ON the face of it, it would seem that nothing changed during the holiday season. Take some of the news in today’s paper. Hungary is in ever-deeper crisis, the euro reached another 15-month low yesterday and Eurozone bank shares plunged, led by those of Italy’s UniCredit. Important stuff, certainly, but more of the same. It merely shows that – surprise, surprise – continental Europe remains the world’s economic and financial basket case and that its ongoing crisis will remain one of the central stories of 2012.
Yet there has in fact been an important shift to the news flow. For those parts of the planet that aren’t saddled with the useless single currency, the data is no longer as gloomy. Welcome to a two-speed world. Global activity in December was at a nine month high, according to the JP Morgan/Markit all industry output index, which is derived from surveys of 11,000 purchasing managers in 30 countries.

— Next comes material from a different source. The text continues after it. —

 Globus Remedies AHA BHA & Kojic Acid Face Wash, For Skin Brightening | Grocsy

It is obviously too soon to celebrate: the global trough came as recently as October 2011, when the index hit a 27-month low; its rebound in November and especially in December is not yet enough to confirm that the trend has changed. There are huge, potentially devastating challenges just around the corner. But it is clear that – for all its continuing and deep-seated structural woes – the all-important US economy is doing better. America’s manufacturing and services sectors grew at their fastest rate for nine months in December, according to the JP Morgan research; the jobs situation, while still terrible, appears to be improving at last. Growth also accelerated in the UK, India and Brazil, while activity indices for China and Japan edged back into slight expansion. Russia continued to report solid growth, albeit at a slower rate.
The UK figures are almost encouraging. The services sector’s purchasing managers’ index rose to 54 in December, up from 52.1 in November (numbers above 50 suggest output is growing). The manufacturing and construction sectors also improved. The better news over the past couple of months may not be enough to rescue GDP in the final quarter of 2011 because of a terrible October. But a UK double-dip recession now looks far less likely than it did a few weeks ago, a development which will come as a relief to George Osborne.

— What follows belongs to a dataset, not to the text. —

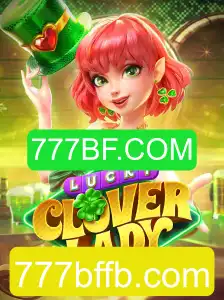 Explorando o Jogo LuckyCloverLady: Um Guia Completo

None of this is any justification for deluded over-optimism. It is too soon to judge whether 2012 is off to a genuinely decent start, or whether the more positive surveys of the past couple of months end up merely a flash in the pan. The situation in Hungary is deteriorating at an alarming rate; the fallout could devastate Austria’s banking sector, which is highly exposed to central Europe, and in turn inflict further pain on the Eurozone. My favourite bearish statistic of the year so far shows that UK manufacturing is becoming increasingly (and seemingly permanently and irreversibly) unprofitable. The gross return on capital in manufacturing fell from 7.1 per cent in the second quarter to just 6.4 per cent in the third quarter – the lowest since data began in 1989, according to Citigroup. It’s not all bad: the rate of return for service sector firms rose to 15.9 per cent, the highest since late 2008. But while parts of the economy are progressing, others remain dire.
The year ahead will be tough for the UK. Of that there cannot be any doubt. But maybe, just maybe, 2012 won’t be the catastrophe that many had feared. We can but hope.